*** THE DATA

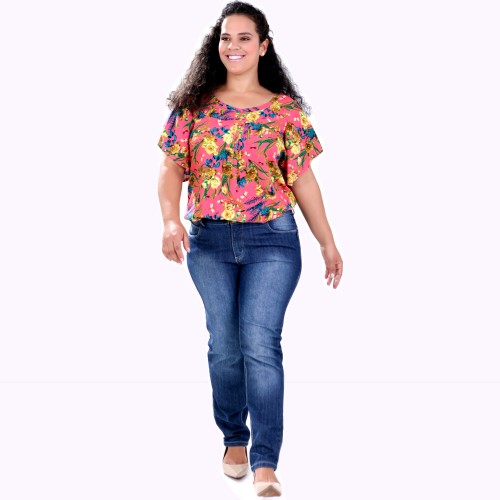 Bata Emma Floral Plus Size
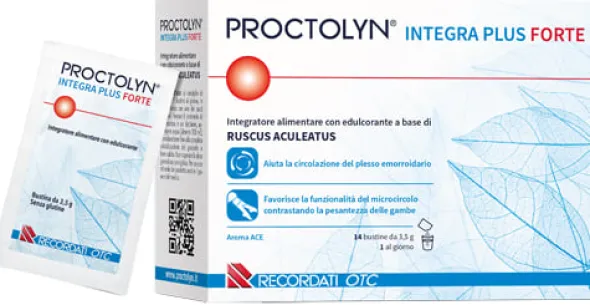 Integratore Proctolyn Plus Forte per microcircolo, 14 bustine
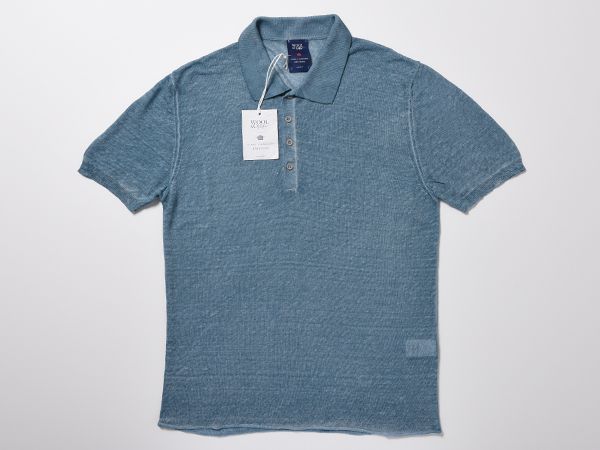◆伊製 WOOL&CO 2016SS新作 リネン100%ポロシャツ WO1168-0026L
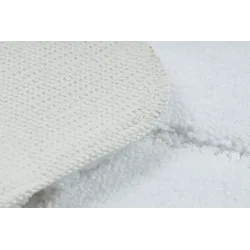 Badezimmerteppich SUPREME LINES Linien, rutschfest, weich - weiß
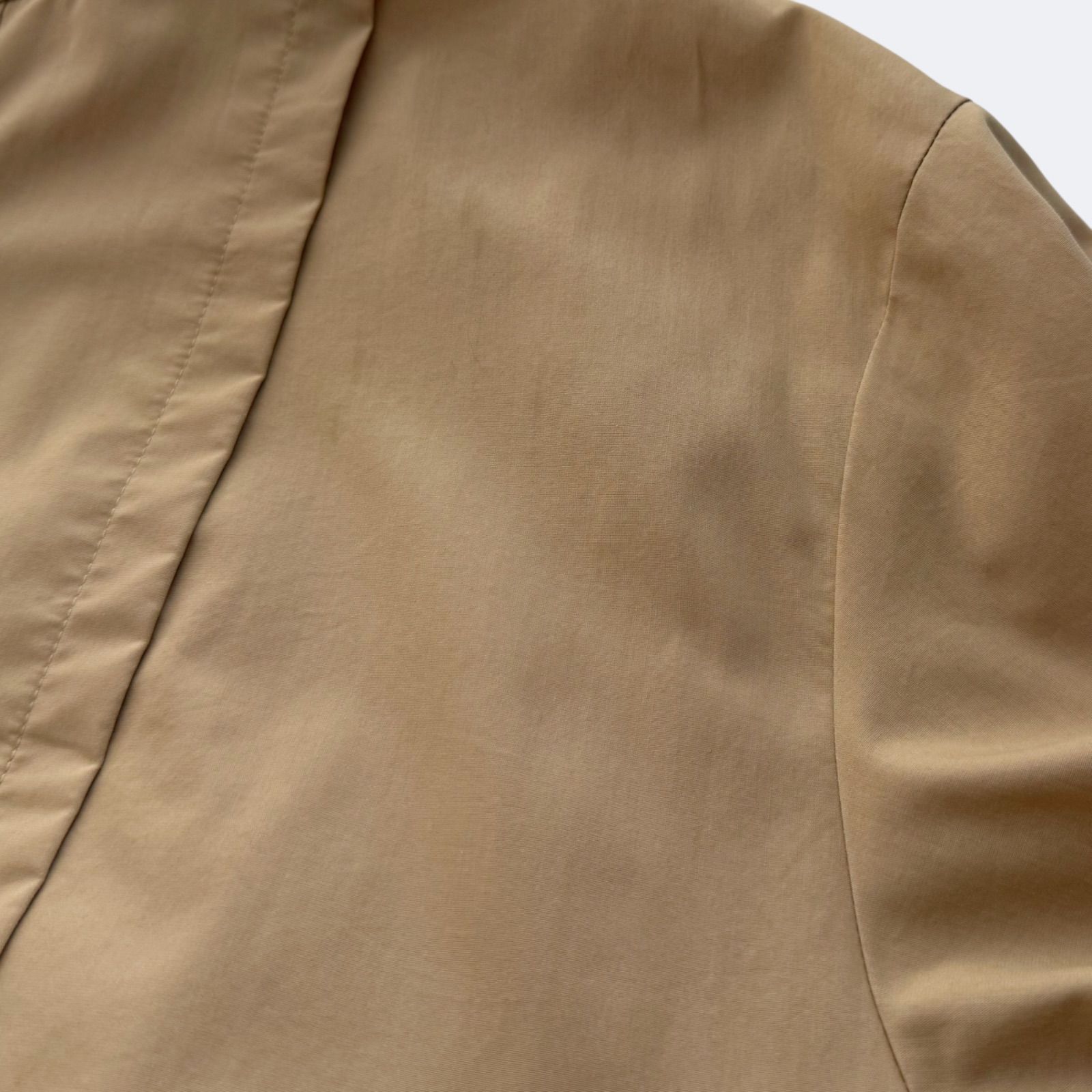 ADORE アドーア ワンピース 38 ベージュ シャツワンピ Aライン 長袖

******

→ **YOUR TASK**: Repeat the records word for word. Leave out whatever pictures they hold.

→ **OUTPUT OF THE EXERCISE**:
 Bata Emma Floral Plus Size
 Integratore Proctolyn Plus Forte per microcircolo, 14 bustine
◆伊製 WOOL&CO 2016SS新作 リネン100%ポロシャツ WO1168-0026L
 Badezimmerteppich SUPREME LINES Linien, rutschfest, weich - weiß
 ADORE アドーア ワンピース 38 ベージュ シャツワンピ Aライン 長袖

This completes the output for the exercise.